Hive or Pig don't seem like they would help you. Essentially each of them compiles down to one or more map/reduce jobs, so the response cannot be within 5 seconds
HBase may work, although your infrastructure is a bit small for optimal performance. I don't understand why you can't pre-compute summary statistics for each column. You should look up computing running averages so that you don't have to do heavy weight reduces.
check out http://en.wikipedia.org/wiki/Standard_deviation
stddev(X) = sqrt(E[X^2]- (E[X])^2)
this implies that you can get the stddev of AB by doing
sqrt(E[AB^2]-(E[AB])^2). E[AB^2] is (sum(A^2) + sum(B^2))/(|A|+|B|)
Since your data seems to be pretty much homogeneous, I would definitely take a look at Google BigQuery - You can ingest and analyze the data without a MapReduce step (on your part), and the RESTful API will help you create a web application based on your queries. In fact, depending on how you want to design your application, you could create a fairly 'real time' application.
It is serious problem without immidiate good solution in the open source space. In commercial space MPP databases like greenplum/netezza should do.
Ideally you would need google's Dremel (engine behind BigQuery). We are developing open source clone, but it will take some time...

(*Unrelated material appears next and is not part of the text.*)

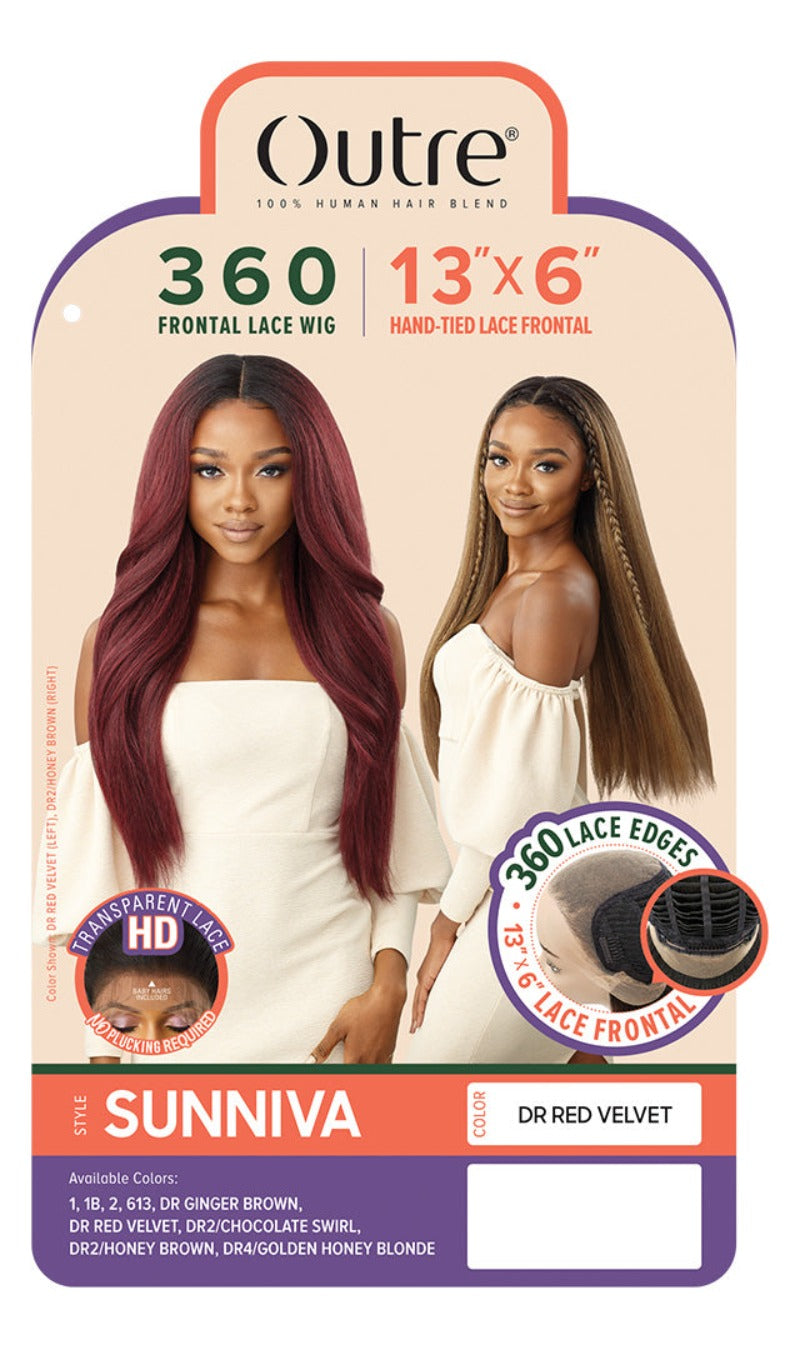Outre 360 Frontal Lace 100% Human Hair Blend 13X6 HD Lace Front Wig SUNNIVA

Regardless of the engine used I think solution should include holding the whole dataset in memory - it should give an idea what size of cluster you need.
If I understand you correctly and you only need to aggregate on single columns at a time
You can store your data differently for better results
in HBase that would look something like
table per data column in today's setup and another single table for the filtering fields (type_ids)
row for each key in today's setup - you may want to think how to incorporate your filter fields into the key for efficient filtering - otherwise you'd have to do a two phase read (
column for each table in today's setup (i.e. few thousands of columns)
HBase doesn't mind if you add new columns and is sparse in the sense that it doesn't store data for columns that don't exist.
When you read a row you'd get all the relevant value which you can do avg. etc. quite easily
You might want to use a plain old database for this. It doesn't sound like you have a transactional system. As a result you can probably use just one or two large tables. SQL has problems when you need to join over large data. But since your data set doesn't sound like you need to join, you should be fine. You can have the indexes setup to find the data set and the either do in SQL or in app math.